If you put in too much processes then it may give birth to bureaucracy while the opposite can really limit the productivity. Most of the Agile Process professionals would unanimously agree that the key to an organization’s successful Agile implementation is the correct mix of tools, processes and people. So what can really ease out this whole task of agile process implementation?
The answer to the above question is tools adoption. Well if you see how the Agile process gets implemented in any organization then first they have a vision or a goal like how will Agile help the organization. After this they address 5 questions which are –
What will be the architecture of the Agile Process?
What roles and responsibilities would be taken by which participants?
What resources would be needed for the successful implementation?
What processes will be adopted for the Agile solutions?
And then finally….. What tools would be used and how would they be implemented?

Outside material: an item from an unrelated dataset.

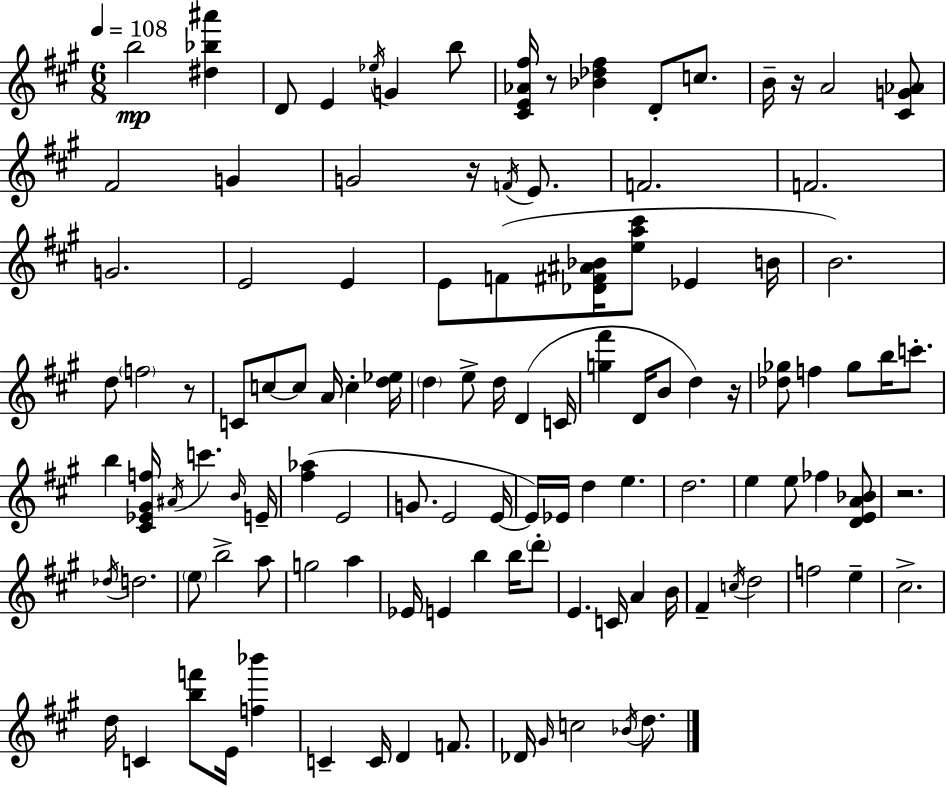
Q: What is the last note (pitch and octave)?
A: D5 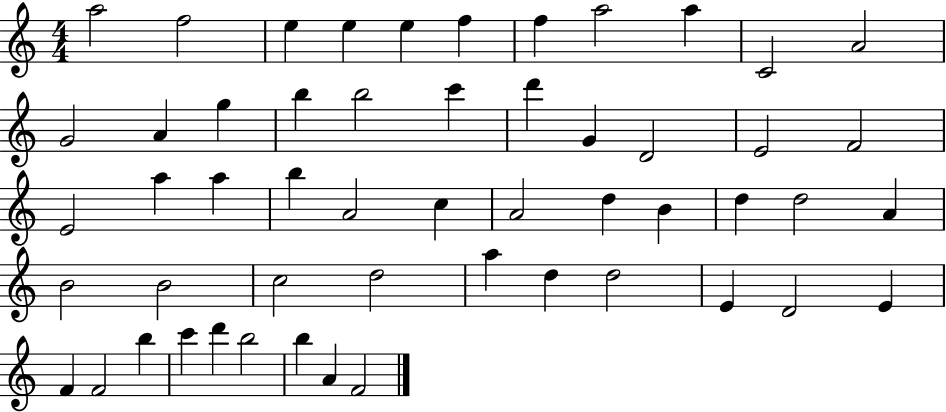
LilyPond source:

Now coming up with a consensus on these could be a really time consuming and tricky process. So what can be done is that one should come up directly to the last question and decide on which tools should be adopted and how they can be best implemented.

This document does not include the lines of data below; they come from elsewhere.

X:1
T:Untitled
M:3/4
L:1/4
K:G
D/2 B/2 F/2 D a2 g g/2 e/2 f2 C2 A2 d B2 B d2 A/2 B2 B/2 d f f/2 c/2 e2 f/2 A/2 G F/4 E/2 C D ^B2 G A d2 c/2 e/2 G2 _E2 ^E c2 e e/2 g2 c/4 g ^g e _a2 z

Some might think the other way but this can well save a lot of time in the whole Agile process implementation work. When you have a vision and then you can know which tools you would need to adopt to fulfil that vision. So why not come directly to it.
Now let’s take an example of defining your architecture just after your vision. If you do so in the start then after finalizing the tools you would have to later tweak and alter your architecture to match with the tools. So it makes no sense. But when tools are finalized then rest all can be planned so as to make the best combination of tools, people and processes. Which is the key to successful Agile transformation.
So what going this way can do is that it will simplify the whole adoption process, would save on time, would eliminate the later tweaking and altering of previous decisions and would also make sure that the organization gets the Agile methodology adopted in the best possible way. It actually helps in answering a lot of difficult questions which go unanswered during the traditional way of implementing the Agile process. The tool adoption would answer questions like how were things done in the past, how we want to do things now and how would the things be done in the future.
So going this way is lot more practical and is a more involved approach of agile process implementation.